§ **Work order**
Required from the data below: the exact lines starting at the line containing "待售: $204,500 (2 贝兹, 1 浴室, 1153 平方英尺)" and ending at the line containing "Hochleistungs Taschenlampe mit", with both ends kept and all pictures dropped.

[Records from a data source]
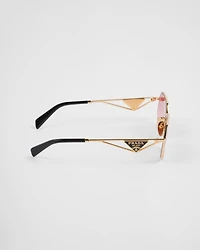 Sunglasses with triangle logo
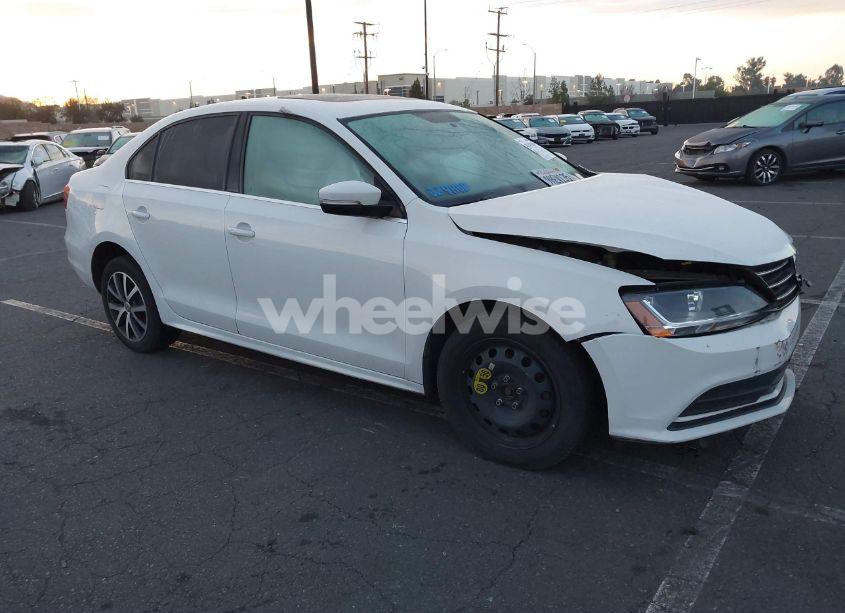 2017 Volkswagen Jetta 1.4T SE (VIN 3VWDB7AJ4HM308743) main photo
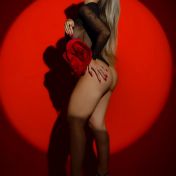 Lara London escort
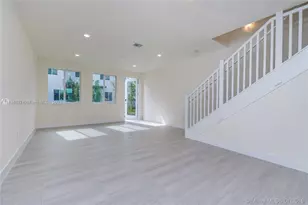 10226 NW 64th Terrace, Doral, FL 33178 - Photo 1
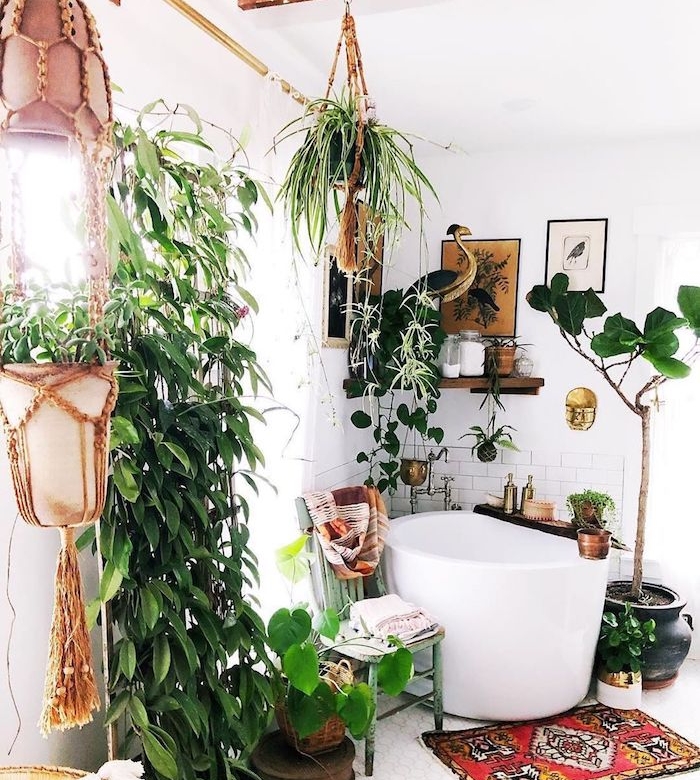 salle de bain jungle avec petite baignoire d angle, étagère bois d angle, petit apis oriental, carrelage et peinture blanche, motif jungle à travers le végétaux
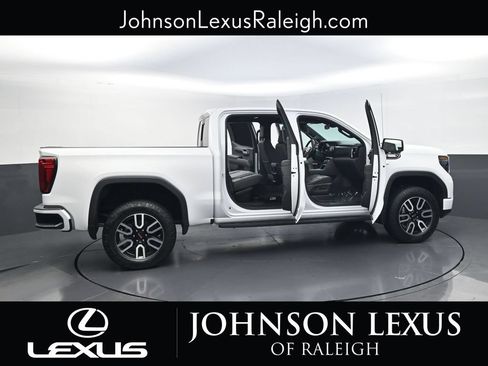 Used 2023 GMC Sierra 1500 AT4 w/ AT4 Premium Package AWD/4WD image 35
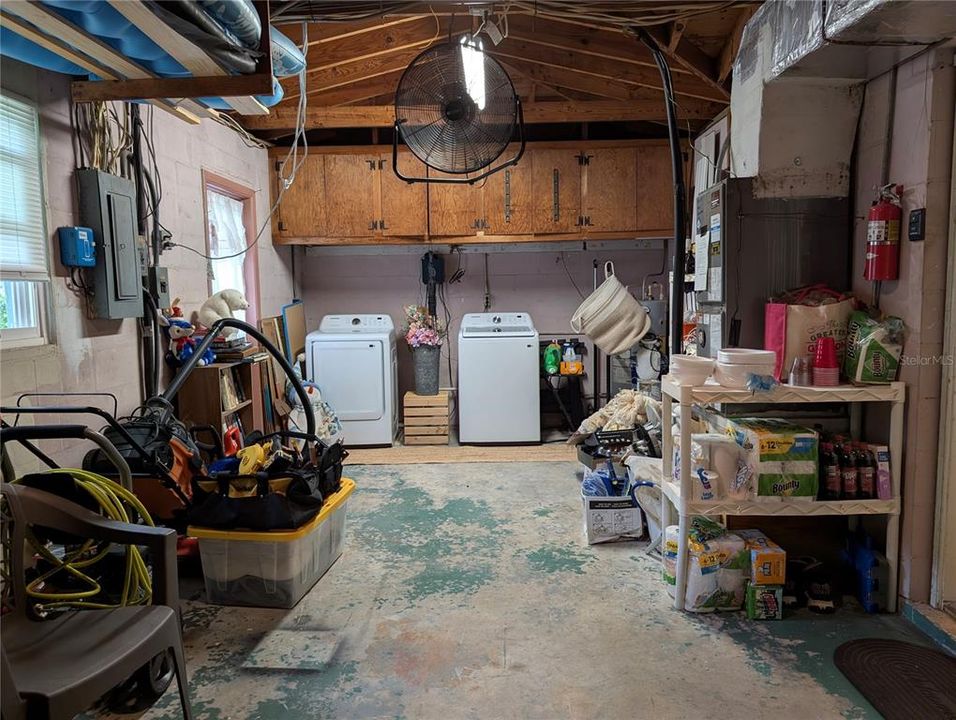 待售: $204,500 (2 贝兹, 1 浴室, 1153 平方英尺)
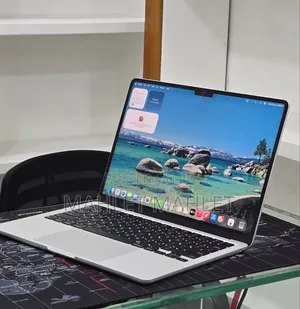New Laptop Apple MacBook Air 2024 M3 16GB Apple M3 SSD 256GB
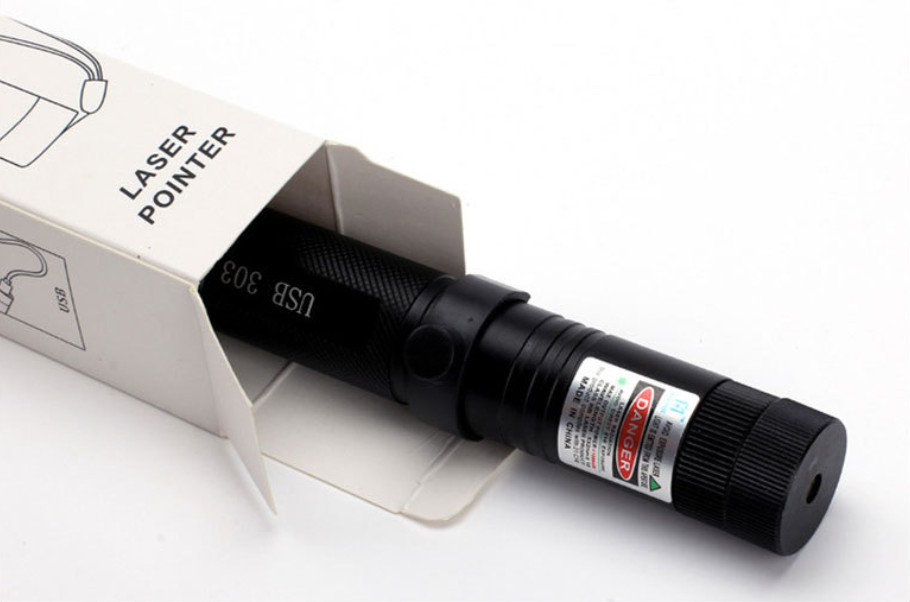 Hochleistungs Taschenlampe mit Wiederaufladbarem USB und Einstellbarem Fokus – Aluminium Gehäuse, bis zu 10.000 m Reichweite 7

--

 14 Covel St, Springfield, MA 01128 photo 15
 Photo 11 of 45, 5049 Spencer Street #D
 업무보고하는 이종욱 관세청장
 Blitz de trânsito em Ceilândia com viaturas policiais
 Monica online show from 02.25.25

§ **Output**
 待售: $204,500 (2 贝兹, 1 浴室, 1153 平方英尺)
New Laptop Apple MacBook Air 2024 M3 16GB Apple M3 SSD 256GB
 Hochleistungs Taschenlampe mit Wiederaufladbarem USB und Einstellbarem Fokus – Aluminium Gehäuse, bis zu 10.000 m Reichweite 7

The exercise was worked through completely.